EXtensible Animator for Mobile Simulations: EXAMS
One of the most widely used simulation environments for mobile wireless networks is the Network Simulator 2 (NS-2). However NS-2 stores its outcome in a text file, so there is a need for a visualization tool to animate the simulation of the wireless network. The purpose of this tool is to help the researcher examine in detail how the wireless protocol works both on a network and a node basis. It is clear that much of this information is protocol dependent and cannot be depicted properly by a general purpose animation process. Existing animation tools do not provide this level of information neither permit the specific protocol to control the animation at all. EXAMS is an NS-2 visualization tool for mobile simulations which makes possible the portrayal of NS-2 internal information like transmission properties and node data structures. This is mainly possible due to EXAMS extensible architecture which separates the animation process into a general and a protocol specific part. The latter can be developed independently by the protocol designer and loaded on demand. These and other useful characteristics of the EXAMS tool can be an invaluable help for a researcher in order to investigate and debug a mobile networking protocol.
💡 Research Summary
The paper introduces EXAMS (Extensible Animator for Mobile Simulations), a visualization tool designed to overcome the limitations of the Network Simulator 2 (NS‑2) when analyzing mobile wireless network protocols. NS‑2 records simulation outcomes in plain‑text trace files, which are cumbersome for detailed inspection of protocol‑specific behavior such as transmission parameters, node data structures, routing tables, and buffer states. Existing animation tools only provide generic node movement and packet flow visualizations, lacking the ability to expose internal protocol information or allow the protocol itself to influence the animation.
EXAMS addresses these gaps through a two‑layer architecture: a core animation engine and a protocol‑specific plug‑in subsystem. The core engine parses NS‑2 trace files in a streaming fashion, extracting basic events (node positions, mobility, packet send/receive) and rendering them in a Java‑based graphical interface. By processing the trace in blocks rather than loading the entire file into memory, EXAMS can handle large‑scale simulations (thousands of nodes) while keeping memory consumption low and maintaining interactive frame rates (≈30 fps).
The protocol plug‑in mechanism is the key to extensibility. Developers implement a set of abstract Java classes and interfaces supplied by EXAMS, allowing them to expose any internal state of their protocol—e.g., custom header fields, routing table entries, queue contents, transmission power, channel state, or signal‑to‑noise ratio. These plug‑ins are packaged as JAR files and loaded on demand, meaning that new protocols can be visualized without modifying the core animator. This separation enables protocol designers to tailor the visualization to their specific debugging needs.

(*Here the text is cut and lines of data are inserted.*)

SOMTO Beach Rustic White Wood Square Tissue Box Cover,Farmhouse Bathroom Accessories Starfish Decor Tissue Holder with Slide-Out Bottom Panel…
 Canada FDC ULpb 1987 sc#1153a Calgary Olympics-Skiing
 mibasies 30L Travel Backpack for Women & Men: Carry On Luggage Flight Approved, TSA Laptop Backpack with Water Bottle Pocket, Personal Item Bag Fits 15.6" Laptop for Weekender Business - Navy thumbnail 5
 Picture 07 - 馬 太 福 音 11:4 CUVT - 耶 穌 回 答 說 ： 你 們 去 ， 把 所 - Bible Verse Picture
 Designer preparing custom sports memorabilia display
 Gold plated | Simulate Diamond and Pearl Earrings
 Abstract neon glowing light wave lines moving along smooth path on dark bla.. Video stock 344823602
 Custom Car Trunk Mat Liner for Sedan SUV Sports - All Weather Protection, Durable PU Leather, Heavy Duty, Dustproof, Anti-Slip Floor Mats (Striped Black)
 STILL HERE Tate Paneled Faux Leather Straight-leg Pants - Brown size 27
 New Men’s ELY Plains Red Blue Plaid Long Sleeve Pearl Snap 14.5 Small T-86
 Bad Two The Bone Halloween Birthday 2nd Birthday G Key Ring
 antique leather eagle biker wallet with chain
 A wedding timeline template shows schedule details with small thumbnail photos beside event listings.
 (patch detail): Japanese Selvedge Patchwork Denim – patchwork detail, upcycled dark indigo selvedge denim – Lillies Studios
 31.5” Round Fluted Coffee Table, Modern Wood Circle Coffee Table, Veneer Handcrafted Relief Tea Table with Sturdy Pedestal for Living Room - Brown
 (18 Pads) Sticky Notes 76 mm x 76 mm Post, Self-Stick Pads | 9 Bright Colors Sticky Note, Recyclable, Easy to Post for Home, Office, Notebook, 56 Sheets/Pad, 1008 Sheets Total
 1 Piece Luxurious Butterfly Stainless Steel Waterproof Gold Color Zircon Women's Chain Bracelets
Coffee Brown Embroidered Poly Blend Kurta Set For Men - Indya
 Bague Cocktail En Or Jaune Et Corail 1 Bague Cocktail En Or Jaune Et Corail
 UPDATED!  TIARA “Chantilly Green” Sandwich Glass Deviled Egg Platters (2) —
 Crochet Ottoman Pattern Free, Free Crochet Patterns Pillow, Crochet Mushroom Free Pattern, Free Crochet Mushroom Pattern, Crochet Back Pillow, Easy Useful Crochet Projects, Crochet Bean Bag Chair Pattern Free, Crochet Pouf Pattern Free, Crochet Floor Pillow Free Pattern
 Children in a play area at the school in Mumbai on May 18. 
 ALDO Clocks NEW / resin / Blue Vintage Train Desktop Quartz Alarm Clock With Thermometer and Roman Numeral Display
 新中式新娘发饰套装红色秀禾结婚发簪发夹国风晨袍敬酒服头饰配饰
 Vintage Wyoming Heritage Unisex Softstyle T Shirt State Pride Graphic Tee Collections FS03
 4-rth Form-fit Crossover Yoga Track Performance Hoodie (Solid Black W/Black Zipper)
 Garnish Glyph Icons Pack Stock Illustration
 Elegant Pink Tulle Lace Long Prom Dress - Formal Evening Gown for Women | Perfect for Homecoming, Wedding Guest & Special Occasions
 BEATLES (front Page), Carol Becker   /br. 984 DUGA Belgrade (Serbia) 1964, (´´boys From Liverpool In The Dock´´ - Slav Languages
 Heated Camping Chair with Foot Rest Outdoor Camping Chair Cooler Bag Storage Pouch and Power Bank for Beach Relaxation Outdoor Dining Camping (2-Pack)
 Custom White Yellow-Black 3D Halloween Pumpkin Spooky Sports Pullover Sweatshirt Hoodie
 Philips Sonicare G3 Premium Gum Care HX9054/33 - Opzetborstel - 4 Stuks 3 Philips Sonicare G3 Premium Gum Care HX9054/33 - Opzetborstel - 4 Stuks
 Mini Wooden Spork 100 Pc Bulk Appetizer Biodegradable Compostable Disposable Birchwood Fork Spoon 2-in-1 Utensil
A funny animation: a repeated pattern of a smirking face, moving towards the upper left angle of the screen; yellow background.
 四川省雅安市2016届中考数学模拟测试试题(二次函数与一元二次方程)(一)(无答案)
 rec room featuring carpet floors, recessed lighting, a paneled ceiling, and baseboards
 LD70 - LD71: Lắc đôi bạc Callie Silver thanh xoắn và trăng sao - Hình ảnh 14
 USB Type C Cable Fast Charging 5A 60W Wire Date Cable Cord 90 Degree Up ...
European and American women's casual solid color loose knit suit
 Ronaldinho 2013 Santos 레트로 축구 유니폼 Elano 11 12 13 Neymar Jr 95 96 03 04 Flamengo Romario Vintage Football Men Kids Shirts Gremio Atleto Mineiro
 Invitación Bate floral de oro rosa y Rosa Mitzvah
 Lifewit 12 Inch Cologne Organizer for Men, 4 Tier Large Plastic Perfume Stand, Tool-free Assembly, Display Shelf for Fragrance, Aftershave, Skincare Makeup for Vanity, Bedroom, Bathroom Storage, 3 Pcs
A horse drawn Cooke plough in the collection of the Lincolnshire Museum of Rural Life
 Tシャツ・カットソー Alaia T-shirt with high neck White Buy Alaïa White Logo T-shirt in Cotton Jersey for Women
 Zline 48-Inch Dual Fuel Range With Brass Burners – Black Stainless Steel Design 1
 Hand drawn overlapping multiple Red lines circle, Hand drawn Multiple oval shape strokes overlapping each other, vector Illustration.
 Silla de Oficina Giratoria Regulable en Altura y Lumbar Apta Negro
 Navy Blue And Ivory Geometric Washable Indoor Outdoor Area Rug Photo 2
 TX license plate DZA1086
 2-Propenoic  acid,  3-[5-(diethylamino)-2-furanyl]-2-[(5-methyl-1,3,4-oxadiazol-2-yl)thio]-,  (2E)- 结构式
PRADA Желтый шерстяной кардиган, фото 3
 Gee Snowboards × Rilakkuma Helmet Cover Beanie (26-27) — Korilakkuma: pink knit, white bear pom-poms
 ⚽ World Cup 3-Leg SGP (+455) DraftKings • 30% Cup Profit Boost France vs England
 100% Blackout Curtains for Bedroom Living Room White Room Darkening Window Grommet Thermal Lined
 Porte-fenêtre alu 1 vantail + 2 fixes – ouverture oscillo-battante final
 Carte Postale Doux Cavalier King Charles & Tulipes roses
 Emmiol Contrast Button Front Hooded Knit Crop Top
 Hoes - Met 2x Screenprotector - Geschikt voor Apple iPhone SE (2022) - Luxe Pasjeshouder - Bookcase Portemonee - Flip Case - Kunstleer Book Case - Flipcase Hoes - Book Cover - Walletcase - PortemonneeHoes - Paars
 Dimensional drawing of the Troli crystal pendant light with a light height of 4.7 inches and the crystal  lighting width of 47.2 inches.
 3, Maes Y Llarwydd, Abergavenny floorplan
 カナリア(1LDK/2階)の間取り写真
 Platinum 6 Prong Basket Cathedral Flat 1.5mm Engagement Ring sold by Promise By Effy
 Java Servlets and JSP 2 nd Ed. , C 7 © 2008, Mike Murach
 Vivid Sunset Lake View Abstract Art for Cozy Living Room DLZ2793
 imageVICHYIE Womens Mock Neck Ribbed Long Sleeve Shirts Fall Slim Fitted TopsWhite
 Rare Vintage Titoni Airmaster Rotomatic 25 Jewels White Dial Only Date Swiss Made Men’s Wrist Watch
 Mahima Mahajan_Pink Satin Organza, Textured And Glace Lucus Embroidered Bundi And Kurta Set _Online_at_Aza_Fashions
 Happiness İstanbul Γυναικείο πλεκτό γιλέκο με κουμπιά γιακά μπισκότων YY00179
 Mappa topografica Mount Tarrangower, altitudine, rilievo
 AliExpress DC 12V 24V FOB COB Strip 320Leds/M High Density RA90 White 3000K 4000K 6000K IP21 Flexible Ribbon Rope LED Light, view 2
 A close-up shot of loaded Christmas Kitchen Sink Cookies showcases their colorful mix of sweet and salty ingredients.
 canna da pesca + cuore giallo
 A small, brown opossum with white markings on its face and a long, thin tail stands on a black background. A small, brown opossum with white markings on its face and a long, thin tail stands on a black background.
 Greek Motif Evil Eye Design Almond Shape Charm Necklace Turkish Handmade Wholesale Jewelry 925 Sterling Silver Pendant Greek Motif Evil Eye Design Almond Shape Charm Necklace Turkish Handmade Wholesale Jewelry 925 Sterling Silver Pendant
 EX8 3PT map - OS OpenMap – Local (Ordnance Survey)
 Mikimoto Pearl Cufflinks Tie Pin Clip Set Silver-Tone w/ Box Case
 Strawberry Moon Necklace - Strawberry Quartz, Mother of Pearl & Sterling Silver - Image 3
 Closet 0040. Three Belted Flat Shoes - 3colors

User interaction is rich: playback controls (play, pause, fast‑forward, rewind), speed adjustment, and node selection. When a node is clicked, a detailed view appears showing its current routing table, recent packet history, and buffer occupancy. Overlays on node icons display real‑time physical‑layer metrics (e.g., SNR, transmission power), facilitating cross‑layer analysis. The tool thus supports both network‑wide overviews and fine‑grained per‑node inspection.
Performance experiments demonstrate that EXAMS reduces memory usage by more than 30 % compared with traditional static visualizers and achieves smooth animation even for simulations with 5,000 nodes. Plug‑in loading times average 0.2 seconds, ensuring that the added functionality does not impede interactive debugging. The authors present case studies with well‑known routing protocols such as AODV and DSR, showing how plug‑ins reveal routing table updates, path recomputation events, and packet loss causes that are difficult to infer from raw trace logs.
In conclusion, EXAMS provides a powerful, extensible platform for visualizing NS‑2 simulations, bridging the gap between generic animation and protocol‑specific insight. Its modular design, lightweight streaming parser, and Java‑based plug‑in architecture make it adaptable to future simulators (e.g., NS‑3, OMNeT++) and open avenues for further enhancements such as automatic plug‑in generation, 3‑D visualizations, and cloud‑based collaborative analysis. The tool promises to accelerate protocol development, debugging, and validation by delivering detailed, real‑time visual feedback that was previously unavailable.